I’ll take a break from where I’m headed on the reliability front and walk through a summary of the issues which I recently sent to the internal win32 programming email alias.  Hopefully I’ll fix the incomplete sentances and bad grammar this time.


I’ll make a separate post with the beginning – a basic rundown of how things work today.  As usual, do not consider this in any way shape or form a contract.  One of the reasons that this isn’t documented fully is that people have wanted to change/fix it for years and years now.  On the other hand, maintaining compatibility with the current behavior is going to constrain the implementation so much that either (a) it won’t change after all or (b) the change will have to be compatible with the effects of anything I’m describing here anyways.


You will see aspects of my reliability/robustness series come up here.  You’ll laugh, you’ll cry, you’ll see local innocuous bugs in DLL initialization or uninitialization affect the entire process’s reliability.


Comments (12)

  1. bao says:

    Has there been any consideration in defining a new executable format and new loader from scratch? Sometimes I wonder how fast and clean Windows would be if backwards compatibility was completely dropped, or at least new components added to gradually replace old components laden with compatibility code. It’d be interesting to hear on this.

  2. mgrier says:

    Hard to say. It’s possible but even the radical experimental new programming model (CLR) still needs a basic win32 operating environment set up underneath itself. Building something that doesn’t depend on win32 might get rid of a bunch of process initialization costs but (a) the NT level APIs are undocumented for a reason and (b) it’s not clear that we wouldn’t just be trading the devil we know for the devil we don’t know.

    I think we’re on a good path to get rid of the cruft that’s gotten into the initialization path over the next few releases and if we can get rid of most of the DLL initialization code in the world, DLL and process startups will be markedly faster.

  3. Yaytay says:

    Whilst the documentation for DllMain has grown a lot it still does not describe in detail the ramifications of the lock that is taken out (the process lock, I don’t know the internal name for it).

    The two comments that there are ("It must not call the LoadLibrary or LoadLibraryEx function" and "entry-point functions should not attempt to communicate with other threads or processes") are not sufficient.

    Please can someone document all the places in which the process lock is taken out, so that we have a definitive list of areas that will cause problems?

    This should be documented, because any changes to the places where it is taken out will affect applications.

  4. You will not see the details of the "loader lock" documented.
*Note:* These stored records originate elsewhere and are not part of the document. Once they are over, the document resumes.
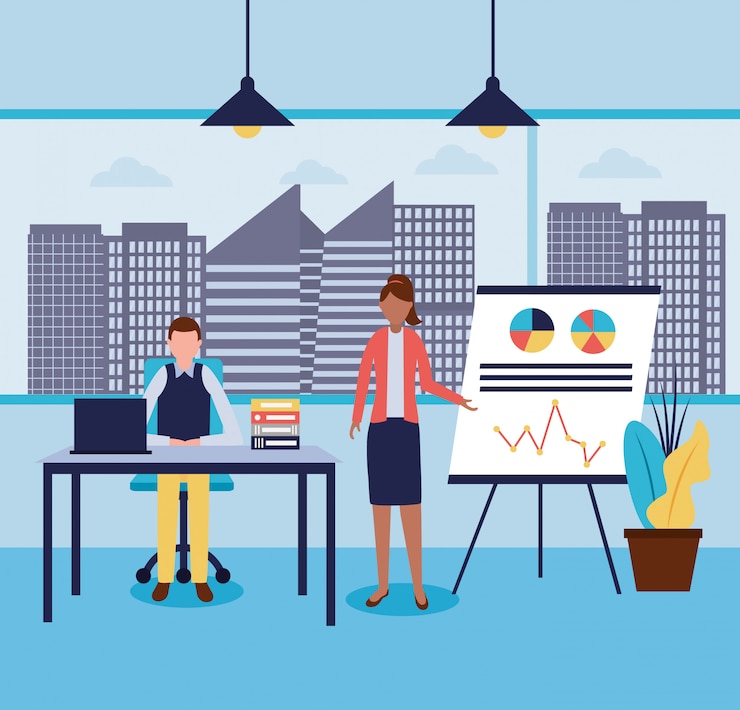 Free Vector business people in office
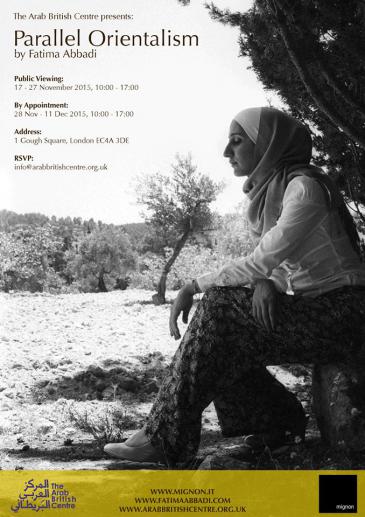 Poster for Abbadiʹs Tatreez photo exhibition in the Arab British Centre in London (source: Fatima Abbadi Photography)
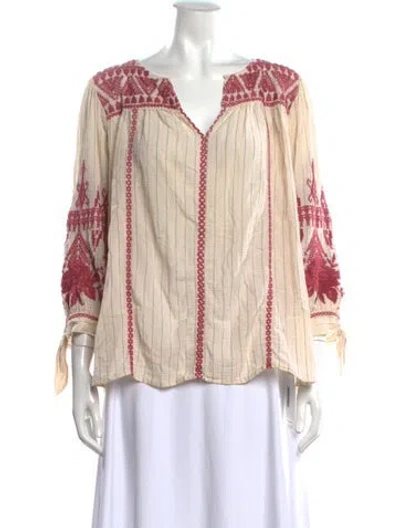 Pre-owned Johnny Was Striped V-neck Blouse In Neutrals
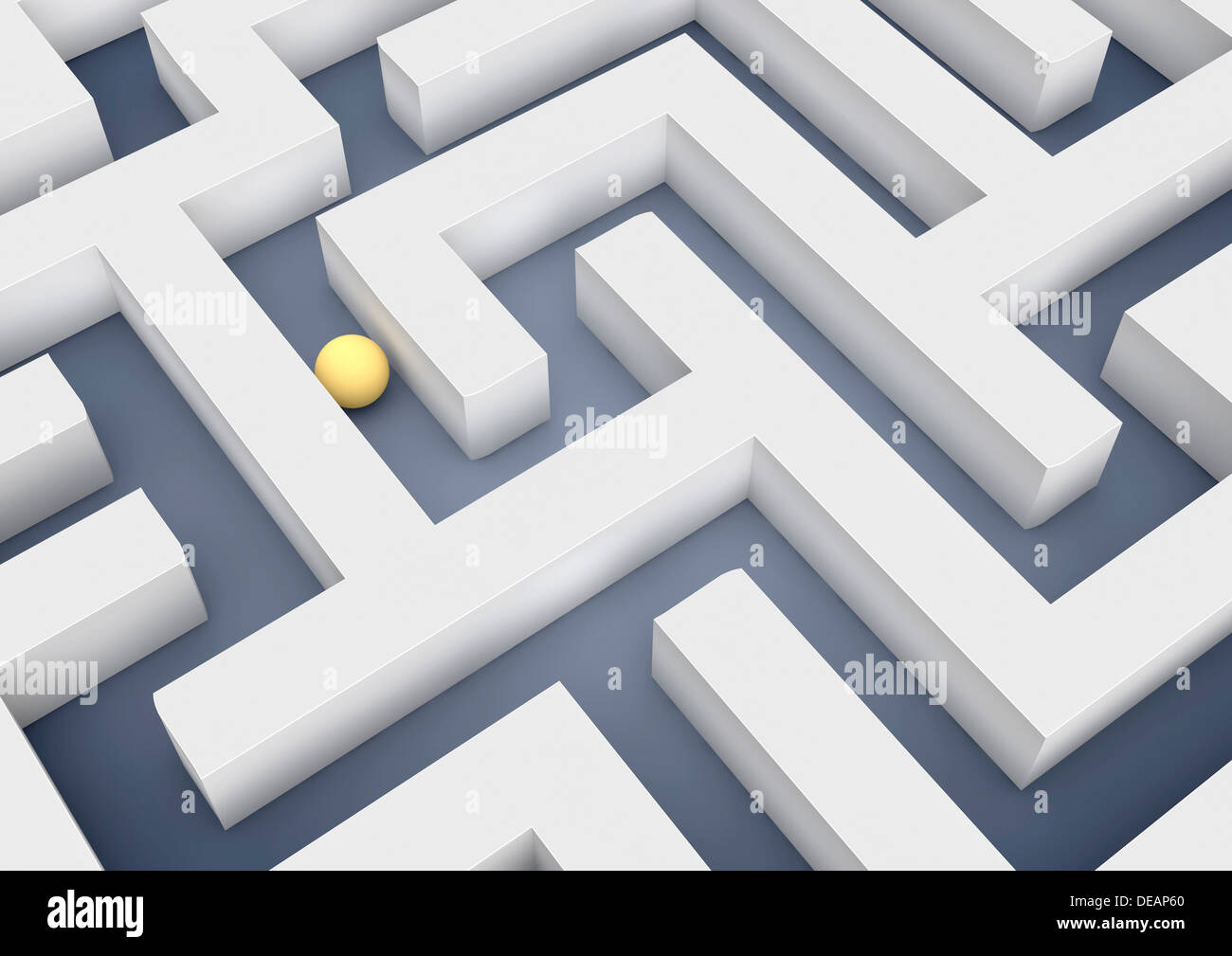 Labyrinth, Irrgarten, mit einem Ball oder Kugel, symbolisches Bild für "Path to Success" Suche, 3D illustration Stockfoto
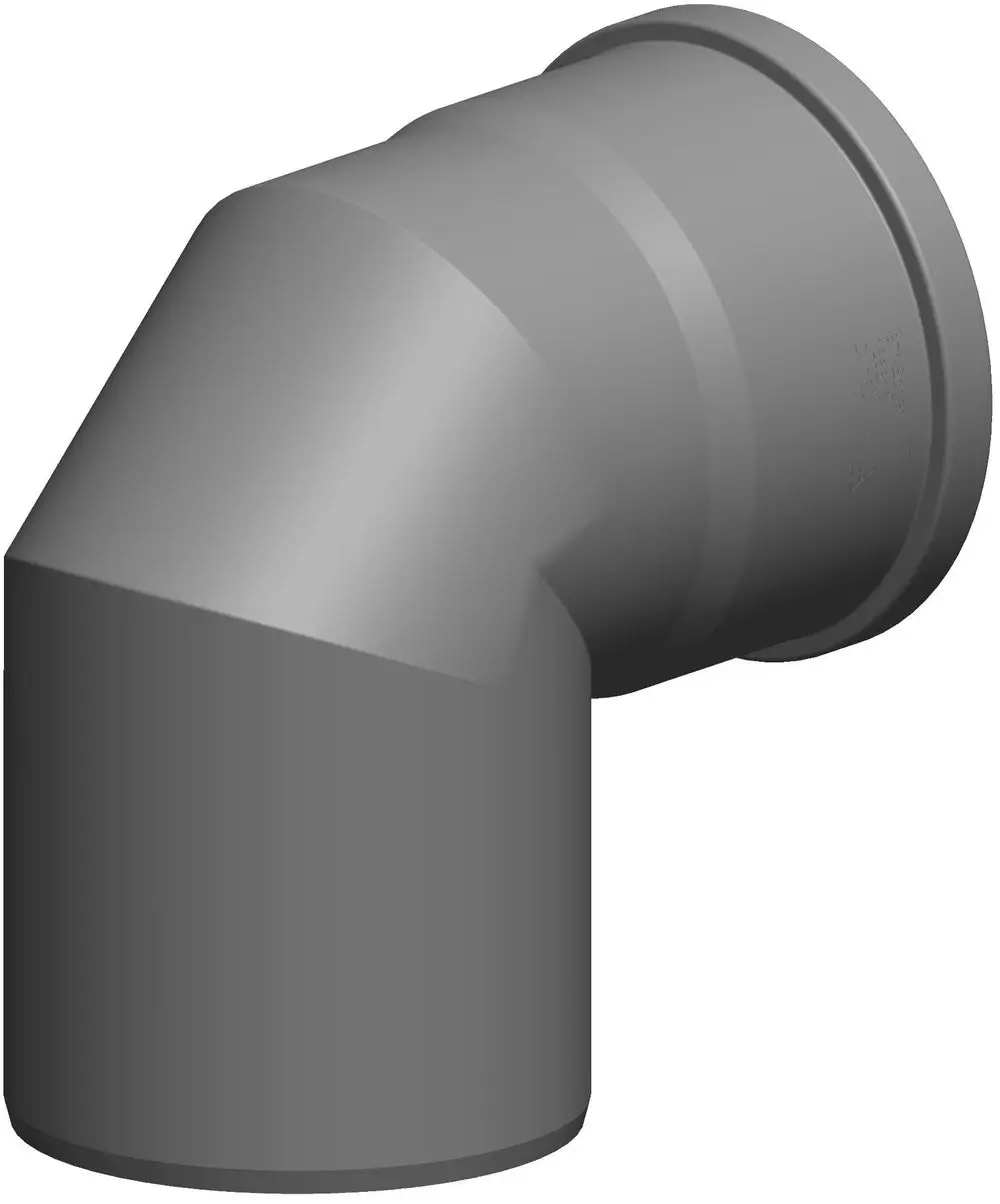 Einwandiger grauer Bogen von ATEC mit einer 87-Grad-Biegung für Rohrverbindungen. Robust und funktional für verschiedene Anwendungen.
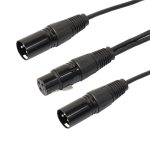 30 cm langes 3-poliges XLR-CANNON-Audio-Stecker-Adapterkabel mit 1 Buchse und 2 Steckern für Mikrofon/Audiogeräte, 1 Female to 2 Male Black – Bild 2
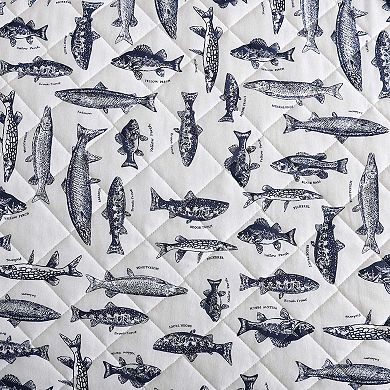 Eddie Bauer Wes Fish Blue Quilt Set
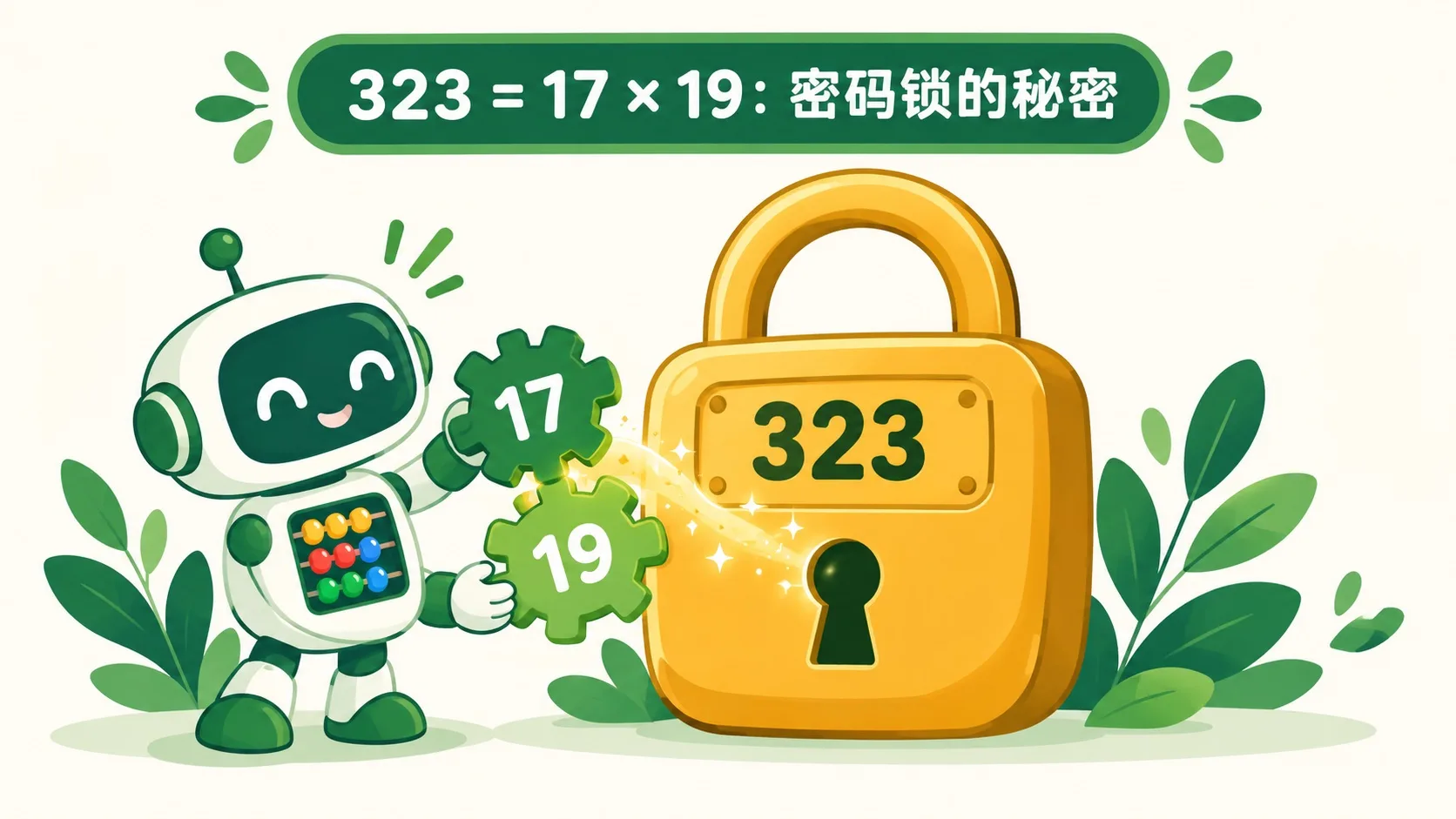 密码锁：323 = 17 × 19，大数拆回质数很难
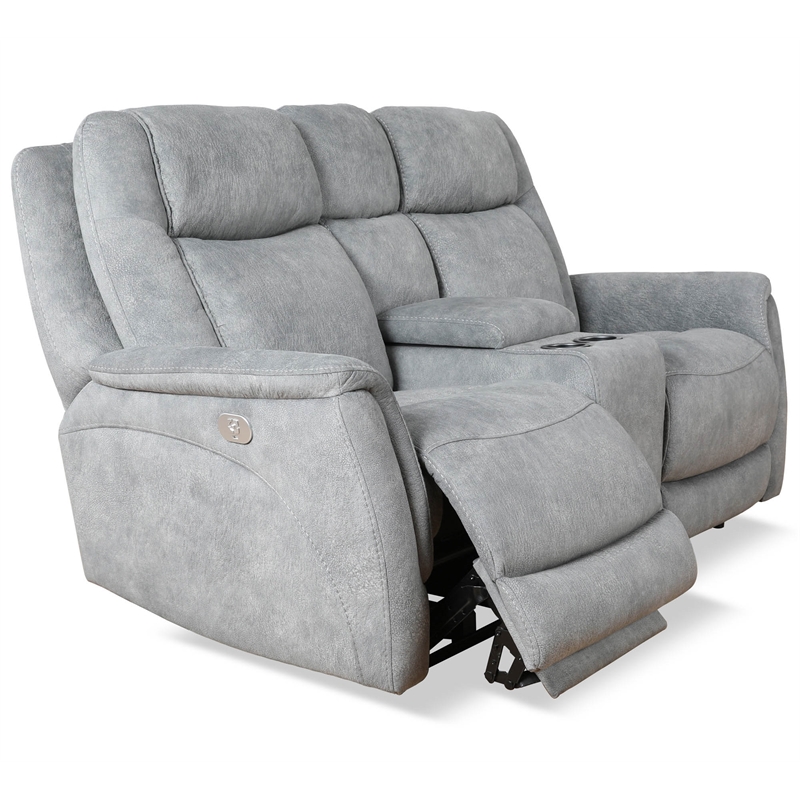 Pemberly Row Modern Gray Power Zero Gravity Console Loveseat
However I do plan to discuss a number of the visible side effects of the current implementation.

  5. I don’t normally post on weekends, but I just noticed that Michael Grier’s finally started posting his…

  6. Yaytay says:

    Why not?

    I’m not after details of how it works (well, actually I love to see that, but I don’t consider that necessary) but the places where it is taken out affects the code that we can write.

    Wouldn’t it make more sense to just document all the functions calls that might result in the lock being taken out and avoid the current approach of just highlighting certain of the things that will break?

    As it stands it forms part of the contract between you and us – but we don’t know what it is.

    I’m not trying to get aggressive about it, but I’ve said why I think it should be documented and I’d like to know why it won’t be.

  7. mgrier says:

    Re: why not document the loader lock:

    It’s an implementation detail that some folks believe that we will be able to eliminate eventually.

    My only goal in this series is to give you some idea of why running code in DllMain is a problem. If you can get rid of the code in DLL_PROCESS_ATTACH, you are now oblivious to whatever changes eventually do come along so why not take the early path to success?

    Clearly there’s a database of loader data and clearly multiple threads can concurrently try to access it so the fact that access is synchronized will always be true. We /may/ someday be able to remove the single central lock and retain the same overall behavior. The jury is still out on that.

    If that could happen, most of the restrictions that occur due to the fact that the DLL callouts (dllmain) occur with the loader lock held could be lifted.

    This is standard stuff – I’m walking a fine line here between explaining stuff and helping people vs. obligating us to maintaining an implementation indefinitely.

  8. Norman Diamond says:

    I was going to suggest that warnings be issued (in the application log at least) when cycles are detected, so that developers will know that something will break in the future and they might look into breaking the cycles now in a designed non-random manner.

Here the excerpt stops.